Should you be using it? I always describe it as the “icing on the cake” – it’s not a fix for a badly-designed OBIEE system, but it does make a lot of sense to use once you’re happy that the foundations for the system are in place. If the foundations are not not in place? Then you’re just papering over the cracks and at some point it’s probably going to come back to bite you. As Mark Rittman put it nearly seven years ago, it’s “[…]usually the last desperate throw of the dice”. The phrase “technical debt”? Yeh, that. But, BI Server caching used after performance review and optimisation rather than instead of - then it’s a Good Thing.

So you’ve decided to use the BI Server cache, and merrily trotted over to Enterprise Manager to enable it, restarted the BI Server, and now your work is done, right? Not quite. Because the BI Server cache will start to store data from all the queries that you run, and use it to satisfy subsequent queries. Not only will it match on a direct hit for the same query, it will use a subset of an existing cache entry where appropriate, and can even aggregate up from what’s in the cache to satisfy a query at a higher level. Clever stuff. But, what happens when you load new data into your data warehouse? Well, the BI Server continues to serve requests out of the cache, because why shouldn’t it? And herein lies the problem with “just turn caching on”. You have to have a cache management strategy.

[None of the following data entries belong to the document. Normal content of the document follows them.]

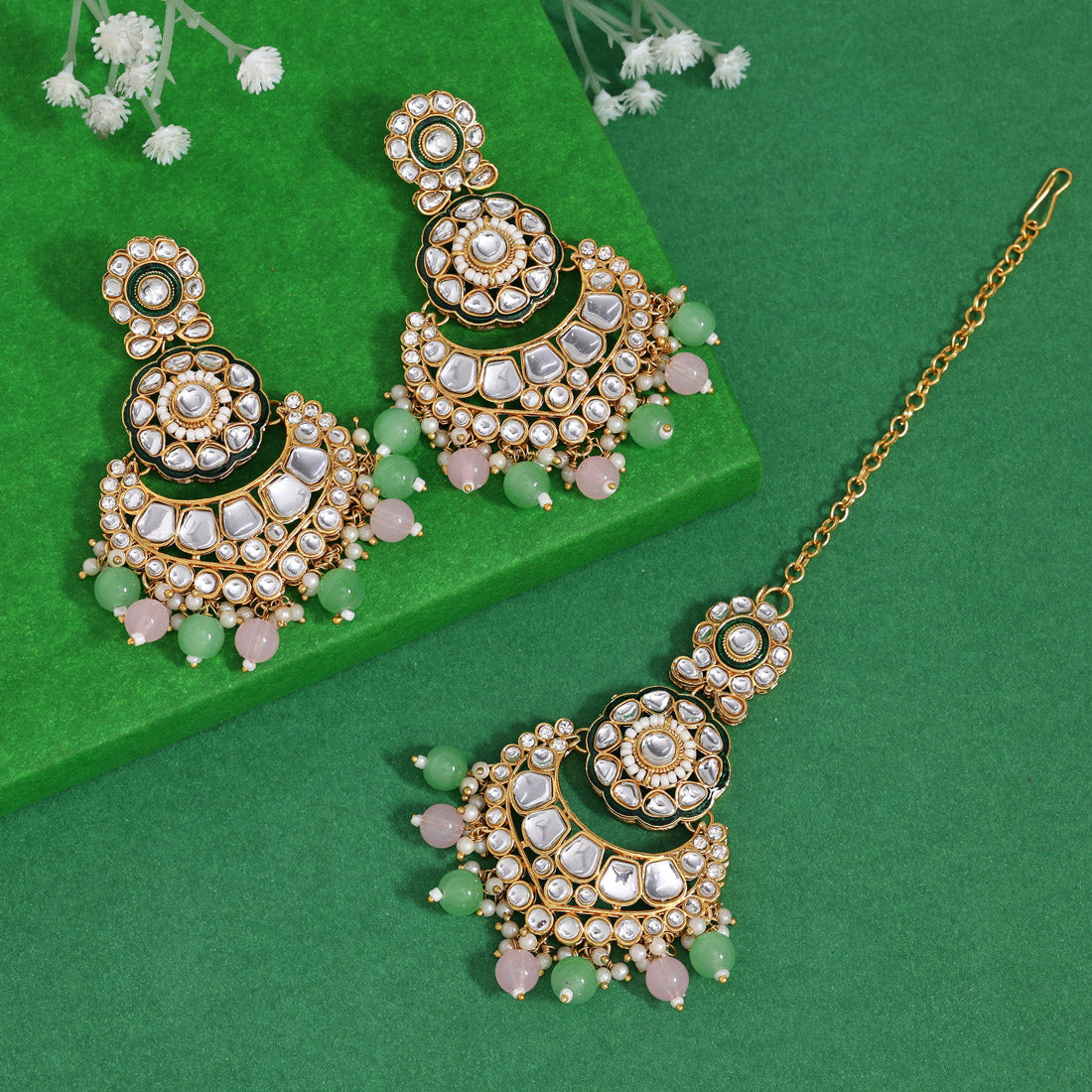 Pink & Pista Green Color Kundan Earrings With Maang Tikka (KDTE570PNKPGRN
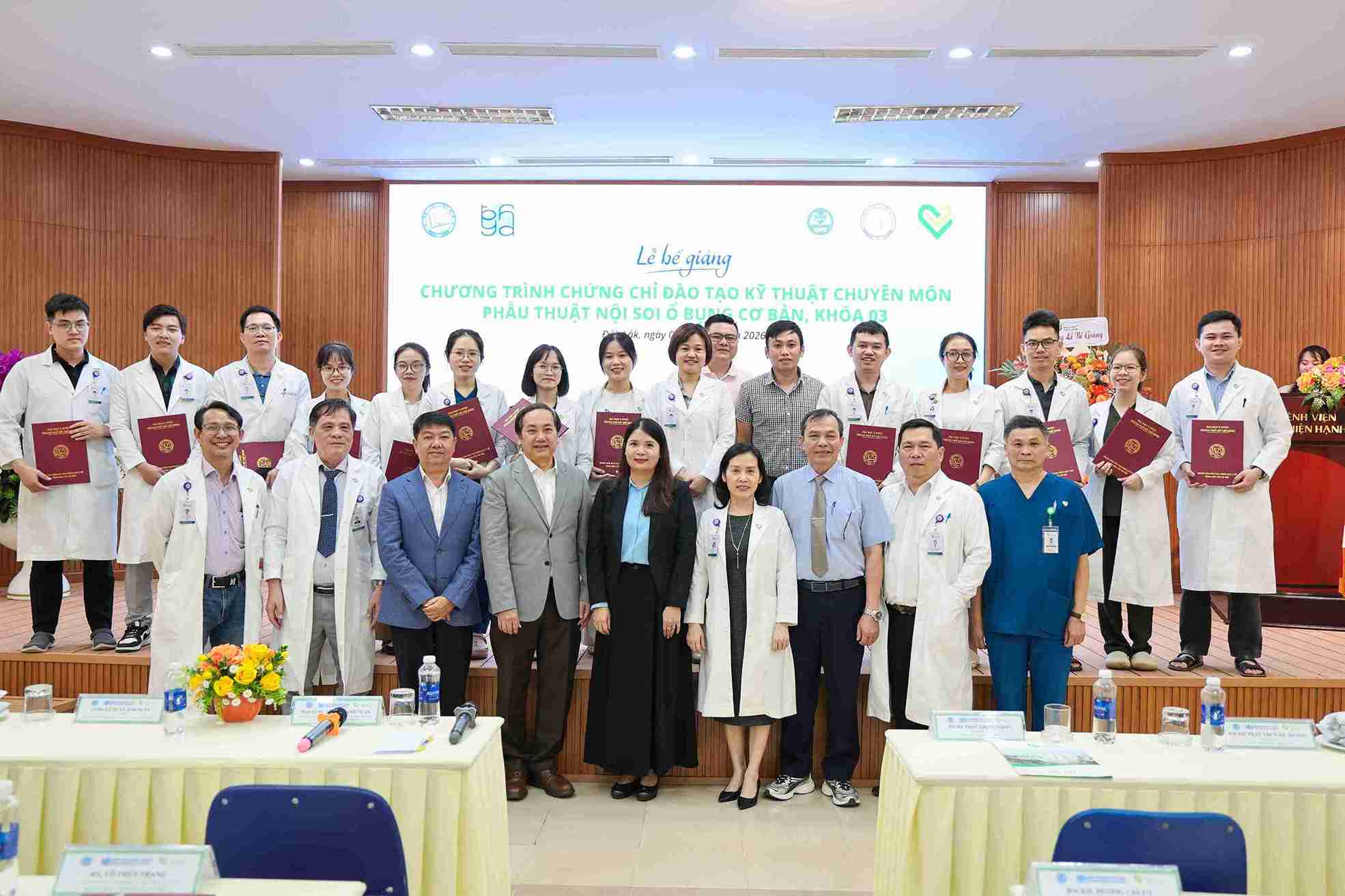 Doctors in Dak Lak province have improved their skills through the "Basic Laparoscopic Abdominal Surgery" course. Photo: Bao Trung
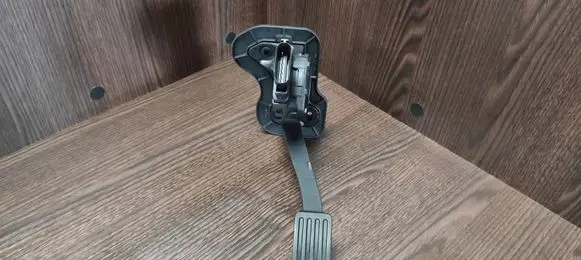 Ford Transit Accelerator throttle pedal 6C119F836CB 6PV00923800 6C116699AA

A cache management strategy sounds grand doesn’t it? But it boils down to two things:

  1. Accuracy – Flush any data from the cache that is now stale
  2. Speed – Prime the cache so that as many queries get a hit on it, first time

Maintaining an Accurate Cache

Every query that is run through the BI Server, whether from a Dashboard, Answers, or more funky routes such as custom ODBC clients or JDBC, will end up in cache. It’s possible to “seed” (“prime”/“warmup”) the cache explicitly, and this is discussed later. The only time you won’t see data in the cache is if (a) you have BI Server caching disabled, or (b) you’ve disabled the Cacheable option for a physical table that is involved in providing the data for the query being run.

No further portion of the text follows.